The AMDGPU.jl implementation of the thermomechanical ice flow solvers FastIce.jl achieves ideal weak scalability on 512 AMD MI250x GPUs on 64 LUMI-G nodes. The scaling tests were realised in the scope of a EuroHPC Extreme Scale Access submission - the STREAM project.
FastIce.jl on AMD GPUs on LUMI-G
Ludovic Räss
The European High Performance Computing Joint Undertaking (EuroHPC JU) launched a call to access its pre-exascale supercomputers. A GPU4GEO team composed of Ludovic Räss (ETHZ), Ivan Utkin (ETHZ) and Julian Samaroo (MIT JuliaLab) submitted the STREAM project within this EuroHPC call, to investigate SponTaneous REArrangment of ice Motion (STREAM).
The main scientific advances of this EuroHPC allocation will be to understand whether an internal shear band can spontaneously form in ice flowing over rough topography resulting in englacial sliding with the aim of providing a more accurate prediction of surface flow velocities over Greenland.
Regarding the technical aspects, preparing the data for the call application permitted to tune AMDGPU.jl for running on LUMI-G's MI250x GPUs "at scale".
The main technical advances of this EuroHPC allocation aim to set a milestone running our Julia HPC application on the latest AMD GPUs at pre-exascale on Europe’s fastest supercomputer, LUMI-G.

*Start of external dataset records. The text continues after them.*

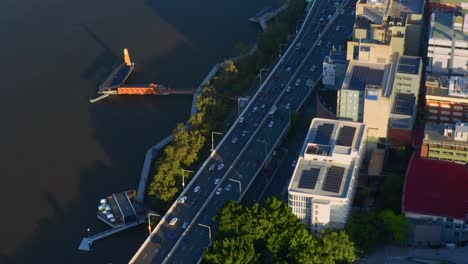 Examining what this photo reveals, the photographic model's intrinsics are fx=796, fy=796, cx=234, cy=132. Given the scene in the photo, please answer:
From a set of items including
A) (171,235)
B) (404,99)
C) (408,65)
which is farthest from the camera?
(408,65)

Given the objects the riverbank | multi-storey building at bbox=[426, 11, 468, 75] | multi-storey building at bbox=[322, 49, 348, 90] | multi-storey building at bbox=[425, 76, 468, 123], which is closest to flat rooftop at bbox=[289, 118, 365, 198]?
multi-storey building at bbox=[425, 76, 468, 123]

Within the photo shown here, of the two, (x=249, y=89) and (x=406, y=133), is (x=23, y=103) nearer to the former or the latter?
(x=249, y=89)

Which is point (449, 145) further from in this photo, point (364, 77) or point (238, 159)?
point (238, 159)

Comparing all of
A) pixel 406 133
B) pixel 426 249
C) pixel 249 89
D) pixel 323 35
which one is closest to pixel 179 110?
pixel 249 89

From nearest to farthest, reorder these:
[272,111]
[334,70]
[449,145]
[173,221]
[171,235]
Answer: [449,145]
[171,235]
[173,221]
[334,70]
[272,111]

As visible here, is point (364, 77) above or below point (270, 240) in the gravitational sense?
above

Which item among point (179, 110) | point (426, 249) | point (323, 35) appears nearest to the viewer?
point (426, 249)

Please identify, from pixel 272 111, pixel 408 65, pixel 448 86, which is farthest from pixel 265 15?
pixel 448 86

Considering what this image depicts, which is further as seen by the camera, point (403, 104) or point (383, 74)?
point (383, 74) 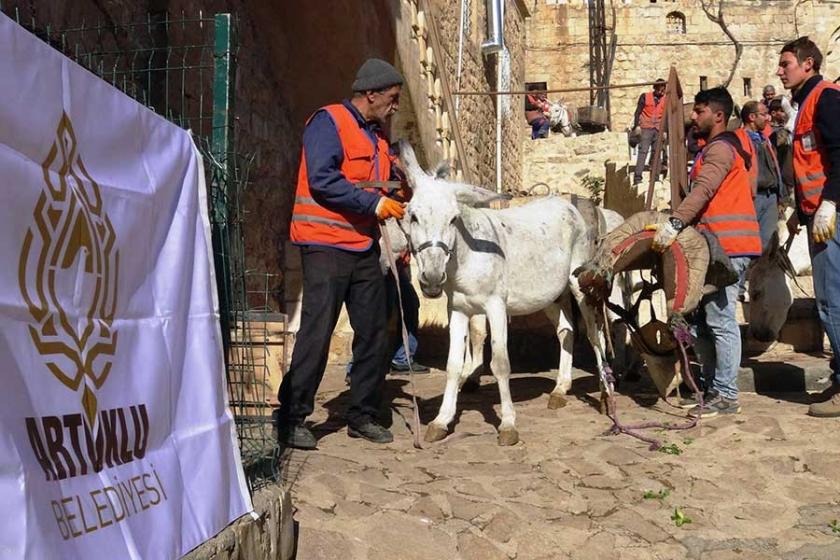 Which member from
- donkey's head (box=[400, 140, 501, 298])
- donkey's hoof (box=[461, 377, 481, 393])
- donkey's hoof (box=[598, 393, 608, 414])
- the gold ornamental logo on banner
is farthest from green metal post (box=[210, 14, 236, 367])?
donkey's hoof (box=[461, 377, 481, 393])

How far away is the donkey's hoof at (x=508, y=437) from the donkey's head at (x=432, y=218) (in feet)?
3.05

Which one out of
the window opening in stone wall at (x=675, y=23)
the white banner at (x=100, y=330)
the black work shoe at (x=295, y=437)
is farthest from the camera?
the window opening in stone wall at (x=675, y=23)

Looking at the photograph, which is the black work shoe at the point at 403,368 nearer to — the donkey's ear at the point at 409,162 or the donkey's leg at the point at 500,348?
the donkey's leg at the point at 500,348

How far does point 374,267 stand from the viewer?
4871mm

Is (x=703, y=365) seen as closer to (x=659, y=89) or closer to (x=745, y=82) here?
(x=659, y=89)

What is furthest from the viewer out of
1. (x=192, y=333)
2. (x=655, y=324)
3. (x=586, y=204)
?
(x=586, y=204)

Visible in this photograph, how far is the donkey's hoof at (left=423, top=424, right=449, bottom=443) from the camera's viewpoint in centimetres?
508

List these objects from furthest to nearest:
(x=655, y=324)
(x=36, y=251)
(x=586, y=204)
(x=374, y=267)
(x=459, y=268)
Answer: (x=586, y=204)
(x=655, y=324)
(x=459, y=268)
(x=374, y=267)
(x=36, y=251)

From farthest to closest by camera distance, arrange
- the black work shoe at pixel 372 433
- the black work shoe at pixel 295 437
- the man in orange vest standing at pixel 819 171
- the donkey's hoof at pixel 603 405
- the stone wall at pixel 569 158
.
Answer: the stone wall at pixel 569 158, the donkey's hoof at pixel 603 405, the man in orange vest standing at pixel 819 171, the black work shoe at pixel 372 433, the black work shoe at pixel 295 437

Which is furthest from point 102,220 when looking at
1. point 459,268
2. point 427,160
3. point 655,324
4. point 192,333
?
point 427,160

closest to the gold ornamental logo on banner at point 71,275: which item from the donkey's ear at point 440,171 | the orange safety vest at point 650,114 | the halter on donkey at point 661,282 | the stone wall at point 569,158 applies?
the donkey's ear at point 440,171

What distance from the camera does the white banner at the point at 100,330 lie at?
1974 millimetres

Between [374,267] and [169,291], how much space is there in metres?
2.20

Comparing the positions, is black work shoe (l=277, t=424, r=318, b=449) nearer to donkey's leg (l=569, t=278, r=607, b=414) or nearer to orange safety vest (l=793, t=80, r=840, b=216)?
donkey's leg (l=569, t=278, r=607, b=414) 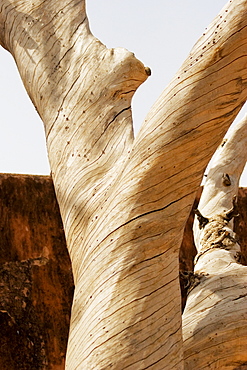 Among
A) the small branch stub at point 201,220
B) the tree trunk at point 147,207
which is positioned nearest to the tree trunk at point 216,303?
the small branch stub at point 201,220

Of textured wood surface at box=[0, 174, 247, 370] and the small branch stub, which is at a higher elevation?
the small branch stub

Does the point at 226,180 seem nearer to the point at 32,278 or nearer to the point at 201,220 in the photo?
the point at 201,220

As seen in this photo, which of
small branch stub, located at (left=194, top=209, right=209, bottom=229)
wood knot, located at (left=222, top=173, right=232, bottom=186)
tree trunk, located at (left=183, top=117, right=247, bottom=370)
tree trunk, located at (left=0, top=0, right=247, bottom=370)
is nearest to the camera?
tree trunk, located at (left=0, top=0, right=247, bottom=370)

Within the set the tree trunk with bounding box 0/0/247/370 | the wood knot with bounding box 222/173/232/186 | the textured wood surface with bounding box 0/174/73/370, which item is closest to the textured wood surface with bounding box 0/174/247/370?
the textured wood surface with bounding box 0/174/73/370

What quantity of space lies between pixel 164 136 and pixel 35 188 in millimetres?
2562

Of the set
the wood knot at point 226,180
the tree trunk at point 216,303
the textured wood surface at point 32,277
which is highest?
the wood knot at point 226,180

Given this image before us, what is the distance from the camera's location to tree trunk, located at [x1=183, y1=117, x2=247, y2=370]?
3.10 m

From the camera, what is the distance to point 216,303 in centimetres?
325

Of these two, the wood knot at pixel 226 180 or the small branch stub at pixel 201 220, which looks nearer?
the small branch stub at pixel 201 220

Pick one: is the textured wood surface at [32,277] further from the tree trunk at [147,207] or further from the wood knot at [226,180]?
the tree trunk at [147,207]

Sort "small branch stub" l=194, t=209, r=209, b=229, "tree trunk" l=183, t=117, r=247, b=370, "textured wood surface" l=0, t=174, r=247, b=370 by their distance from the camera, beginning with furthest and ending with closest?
"textured wood surface" l=0, t=174, r=247, b=370
"small branch stub" l=194, t=209, r=209, b=229
"tree trunk" l=183, t=117, r=247, b=370

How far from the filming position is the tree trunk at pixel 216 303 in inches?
122

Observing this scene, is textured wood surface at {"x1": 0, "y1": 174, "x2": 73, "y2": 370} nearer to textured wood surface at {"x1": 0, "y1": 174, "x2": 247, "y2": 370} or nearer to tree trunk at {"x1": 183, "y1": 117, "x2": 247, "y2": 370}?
textured wood surface at {"x1": 0, "y1": 174, "x2": 247, "y2": 370}

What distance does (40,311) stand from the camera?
5051 millimetres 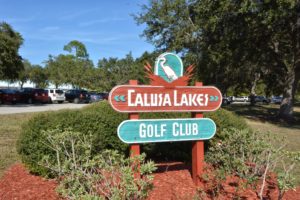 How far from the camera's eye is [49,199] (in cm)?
512

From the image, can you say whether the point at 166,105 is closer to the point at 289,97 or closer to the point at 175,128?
the point at 175,128

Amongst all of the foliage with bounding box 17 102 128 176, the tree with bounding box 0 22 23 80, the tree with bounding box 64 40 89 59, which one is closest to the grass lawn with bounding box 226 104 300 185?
the foliage with bounding box 17 102 128 176

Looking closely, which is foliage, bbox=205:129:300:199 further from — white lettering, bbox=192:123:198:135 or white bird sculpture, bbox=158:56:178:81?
white bird sculpture, bbox=158:56:178:81

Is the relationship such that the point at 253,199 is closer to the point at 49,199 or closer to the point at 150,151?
the point at 150,151

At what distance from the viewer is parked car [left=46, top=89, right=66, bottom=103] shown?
36250mm

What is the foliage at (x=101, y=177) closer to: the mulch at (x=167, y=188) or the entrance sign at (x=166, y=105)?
the entrance sign at (x=166, y=105)

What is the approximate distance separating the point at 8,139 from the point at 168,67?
721cm

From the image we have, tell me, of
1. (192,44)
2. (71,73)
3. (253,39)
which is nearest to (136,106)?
(253,39)

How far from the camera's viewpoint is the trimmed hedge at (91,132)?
6168 mm

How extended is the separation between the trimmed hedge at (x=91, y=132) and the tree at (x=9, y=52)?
24734mm

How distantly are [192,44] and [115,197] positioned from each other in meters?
25.6

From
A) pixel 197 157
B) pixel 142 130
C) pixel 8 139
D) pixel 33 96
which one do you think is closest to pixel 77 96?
pixel 33 96

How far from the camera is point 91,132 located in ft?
20.5

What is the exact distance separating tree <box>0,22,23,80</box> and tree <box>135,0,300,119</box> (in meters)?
10.7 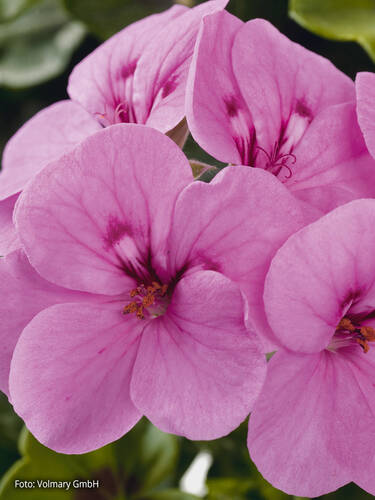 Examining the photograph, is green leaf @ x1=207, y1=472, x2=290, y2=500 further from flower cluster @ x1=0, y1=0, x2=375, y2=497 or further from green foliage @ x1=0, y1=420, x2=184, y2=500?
flower cluster @ x1=0, y1=0, x2=375, y2=497

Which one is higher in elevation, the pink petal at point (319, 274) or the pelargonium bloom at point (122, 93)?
the pelargonium bloom at point (122, 93)

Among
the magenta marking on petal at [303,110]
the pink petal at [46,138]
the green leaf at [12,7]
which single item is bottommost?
the magenta marking on petal at [303,110]

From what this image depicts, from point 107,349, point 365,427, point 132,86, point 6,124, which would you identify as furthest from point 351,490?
point 6,124

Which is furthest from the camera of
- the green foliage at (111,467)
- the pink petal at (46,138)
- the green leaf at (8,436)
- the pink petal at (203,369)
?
the green leaf at (8,436)

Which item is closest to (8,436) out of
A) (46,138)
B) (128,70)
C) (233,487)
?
(233,487)

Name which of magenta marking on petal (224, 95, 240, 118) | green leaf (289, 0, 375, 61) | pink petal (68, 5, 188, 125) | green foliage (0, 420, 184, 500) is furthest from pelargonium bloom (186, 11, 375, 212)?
green foliage (0, 420, 184, 500)

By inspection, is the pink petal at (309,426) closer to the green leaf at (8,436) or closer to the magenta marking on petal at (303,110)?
Result: the magenta marking on petal at (303,110)

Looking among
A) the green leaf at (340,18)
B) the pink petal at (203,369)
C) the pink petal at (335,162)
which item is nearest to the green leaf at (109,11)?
the green leaf at (340,18) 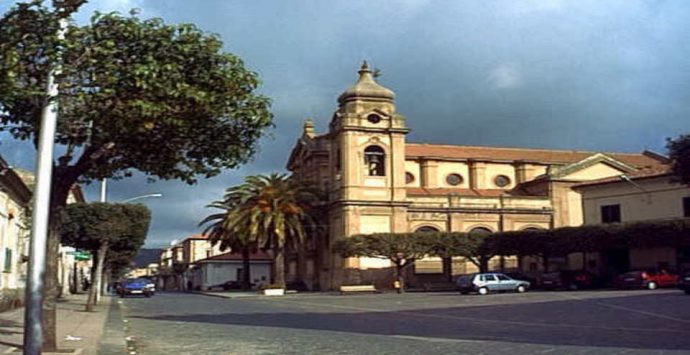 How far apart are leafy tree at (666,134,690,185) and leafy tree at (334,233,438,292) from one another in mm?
36348

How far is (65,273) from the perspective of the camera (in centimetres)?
5603

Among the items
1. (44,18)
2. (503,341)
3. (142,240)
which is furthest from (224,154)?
(142,240)

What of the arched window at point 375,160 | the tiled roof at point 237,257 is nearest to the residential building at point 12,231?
the arched window at point 375,160

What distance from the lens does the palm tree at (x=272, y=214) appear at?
58188 millimetres

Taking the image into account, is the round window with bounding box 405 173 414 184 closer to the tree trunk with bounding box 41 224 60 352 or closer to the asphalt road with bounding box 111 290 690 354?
the asphalt road with bounding box 111 290 690 354

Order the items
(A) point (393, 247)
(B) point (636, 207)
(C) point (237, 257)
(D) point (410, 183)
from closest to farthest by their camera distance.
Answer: (A) point (393, 247)
(B) point (636, 207)
(D) point (410, 183)
(C) point (237, 257)

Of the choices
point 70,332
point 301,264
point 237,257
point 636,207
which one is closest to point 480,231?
point 636,207

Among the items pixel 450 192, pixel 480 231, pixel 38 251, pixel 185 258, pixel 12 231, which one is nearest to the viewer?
pixel 38 251

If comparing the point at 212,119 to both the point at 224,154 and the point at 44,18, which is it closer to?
the point at 224,154

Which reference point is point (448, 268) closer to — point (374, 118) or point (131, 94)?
point (374, 118)

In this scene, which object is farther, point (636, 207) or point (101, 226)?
point (636, 207)

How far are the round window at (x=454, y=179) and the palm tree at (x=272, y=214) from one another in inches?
539

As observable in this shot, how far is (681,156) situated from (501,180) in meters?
52.7

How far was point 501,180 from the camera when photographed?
7119cm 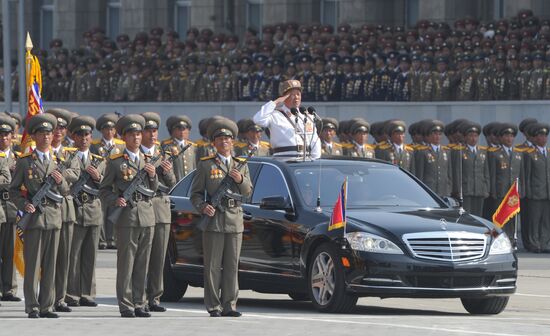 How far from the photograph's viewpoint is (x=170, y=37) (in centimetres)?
4203

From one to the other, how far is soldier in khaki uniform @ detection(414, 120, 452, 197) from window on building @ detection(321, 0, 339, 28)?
18.9m

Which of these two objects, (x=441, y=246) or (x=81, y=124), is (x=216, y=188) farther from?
(x=441, y=246)

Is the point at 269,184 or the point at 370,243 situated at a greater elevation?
the point at 269,184

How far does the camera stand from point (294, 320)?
16938 millimetres

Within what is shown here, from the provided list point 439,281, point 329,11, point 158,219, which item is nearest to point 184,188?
point 158,219

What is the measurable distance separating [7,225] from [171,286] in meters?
1.72

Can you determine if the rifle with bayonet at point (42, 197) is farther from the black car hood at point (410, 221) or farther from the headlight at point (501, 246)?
the headlight at point (501, 246)

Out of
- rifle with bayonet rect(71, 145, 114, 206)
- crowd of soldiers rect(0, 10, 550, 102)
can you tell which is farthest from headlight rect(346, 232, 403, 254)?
crowd of soldiers rect(0, 10, 550, 102)

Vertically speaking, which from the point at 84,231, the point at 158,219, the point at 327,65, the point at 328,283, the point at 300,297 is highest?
the point at 327,65

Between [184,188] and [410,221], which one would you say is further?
[184,188]

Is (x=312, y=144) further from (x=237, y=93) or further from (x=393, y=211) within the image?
(x=237, y=93)

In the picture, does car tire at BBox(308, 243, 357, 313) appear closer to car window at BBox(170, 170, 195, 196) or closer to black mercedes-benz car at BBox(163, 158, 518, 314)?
black mercedes-benz car at BBox(163, 158, 518, 314)

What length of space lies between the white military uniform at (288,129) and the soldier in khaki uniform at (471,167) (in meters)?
7.71

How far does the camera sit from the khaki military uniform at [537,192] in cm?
2802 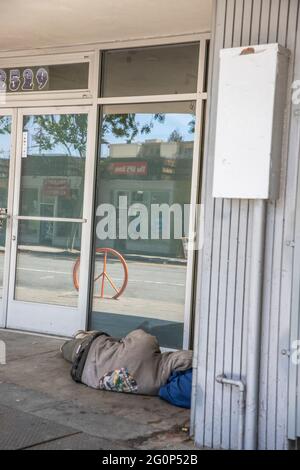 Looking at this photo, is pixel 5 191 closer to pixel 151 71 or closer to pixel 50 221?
pixel 50 221

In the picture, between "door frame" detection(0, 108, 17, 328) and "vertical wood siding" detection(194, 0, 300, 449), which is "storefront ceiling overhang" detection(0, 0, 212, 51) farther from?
"vertical wood siding" detection(194, 0, 300, 449)

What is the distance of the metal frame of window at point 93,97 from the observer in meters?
5.86

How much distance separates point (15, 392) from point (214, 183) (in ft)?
7.60

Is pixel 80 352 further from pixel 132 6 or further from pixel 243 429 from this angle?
pixel 132 6

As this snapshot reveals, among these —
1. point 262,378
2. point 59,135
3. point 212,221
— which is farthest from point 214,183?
point 59,135

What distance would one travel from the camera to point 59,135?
22.0 ft

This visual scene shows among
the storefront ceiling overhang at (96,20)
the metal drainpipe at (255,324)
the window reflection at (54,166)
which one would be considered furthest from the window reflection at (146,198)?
the metal drainpipe at (255,324)

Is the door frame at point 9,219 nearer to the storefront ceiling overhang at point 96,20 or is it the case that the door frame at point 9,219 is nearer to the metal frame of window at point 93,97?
the metal frame of window at point 93,97

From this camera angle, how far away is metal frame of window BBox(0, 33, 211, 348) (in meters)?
5.86

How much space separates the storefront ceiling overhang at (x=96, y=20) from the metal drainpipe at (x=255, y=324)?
2.32m

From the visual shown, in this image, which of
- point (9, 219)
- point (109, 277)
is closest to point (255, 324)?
point (109, 277)

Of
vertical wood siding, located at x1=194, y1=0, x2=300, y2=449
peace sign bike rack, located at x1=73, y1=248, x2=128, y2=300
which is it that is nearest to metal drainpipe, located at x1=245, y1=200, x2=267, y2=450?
vertical wood siding, located at x1=194, y1=0, x2=300, y2=449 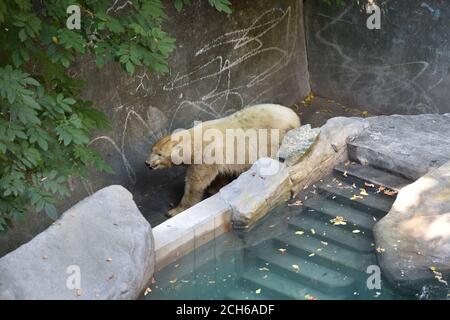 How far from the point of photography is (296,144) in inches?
269

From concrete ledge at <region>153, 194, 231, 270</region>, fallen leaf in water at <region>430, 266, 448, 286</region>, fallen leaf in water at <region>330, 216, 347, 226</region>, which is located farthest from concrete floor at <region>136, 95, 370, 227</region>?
fallen leaf in water at <region>430, 266, 448, 286</region>

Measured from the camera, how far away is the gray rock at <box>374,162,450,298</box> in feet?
17.9

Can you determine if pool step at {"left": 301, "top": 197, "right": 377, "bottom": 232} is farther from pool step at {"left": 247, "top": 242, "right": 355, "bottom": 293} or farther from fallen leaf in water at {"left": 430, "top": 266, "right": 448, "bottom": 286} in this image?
fallen leaf in water at {"left": 430, "top": 266, "right": 448, "bottom": 286}

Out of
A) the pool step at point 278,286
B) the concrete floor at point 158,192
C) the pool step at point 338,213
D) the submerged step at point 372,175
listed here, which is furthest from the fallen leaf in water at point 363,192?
the concrete floor at point 158,192

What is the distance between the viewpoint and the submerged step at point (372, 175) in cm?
676

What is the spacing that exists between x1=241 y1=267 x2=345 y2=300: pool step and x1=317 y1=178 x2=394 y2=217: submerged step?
1196mm

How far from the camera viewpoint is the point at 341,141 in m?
7.08

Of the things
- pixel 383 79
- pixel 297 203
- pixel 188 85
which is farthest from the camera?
pixel 383 79

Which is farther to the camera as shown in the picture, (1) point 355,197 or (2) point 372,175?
(2) point 372,175

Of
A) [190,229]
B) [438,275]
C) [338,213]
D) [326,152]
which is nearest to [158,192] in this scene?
[326,152]

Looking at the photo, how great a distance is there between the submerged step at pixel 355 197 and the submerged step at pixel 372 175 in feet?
0.42

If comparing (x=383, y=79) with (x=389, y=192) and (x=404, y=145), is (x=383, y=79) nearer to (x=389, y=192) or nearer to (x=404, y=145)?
(x=404, y=145)

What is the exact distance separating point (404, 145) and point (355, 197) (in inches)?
33.2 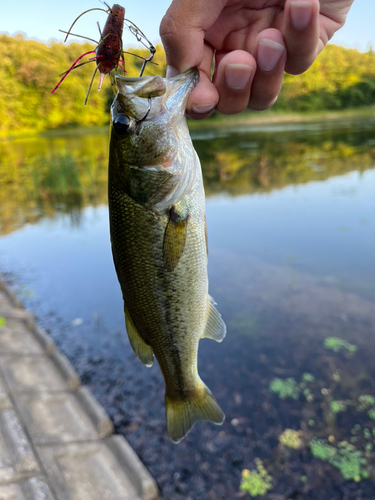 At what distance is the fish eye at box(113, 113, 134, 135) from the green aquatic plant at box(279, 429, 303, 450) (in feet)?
12.7

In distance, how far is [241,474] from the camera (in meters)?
3.67

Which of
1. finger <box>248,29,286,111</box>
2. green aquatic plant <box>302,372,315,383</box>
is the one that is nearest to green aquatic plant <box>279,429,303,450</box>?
green aquatic plant <box>302,372,315,383</box>

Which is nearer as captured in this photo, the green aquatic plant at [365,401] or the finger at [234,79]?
the finger at [234,79]

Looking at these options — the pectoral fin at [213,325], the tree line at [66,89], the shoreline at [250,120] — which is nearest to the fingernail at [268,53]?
the pectoral fin at [213,325]

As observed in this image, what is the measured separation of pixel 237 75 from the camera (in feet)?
5.82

We achieve a parallel efficiency of 97% during weak scaling tests on up to 512 MI250x AMD GPUs on the LUMI-G EAP partition (64 nodes):
The key ingredient to achieve this ideal weak scalability relies in successfully overlapping ROCm-aware MPI communication with stencil computations. We use HSA custom kernel signal management and define priority on execution queues to schedule asynchronous kernel launch. The result is that MPI communication and send / receive buffer copies overlap with kernel execution as depicted in the figure below (highlighted by the red box):
The kernel execution timeline is produced using rocprof
tool and visualised using the chrome tracing utility.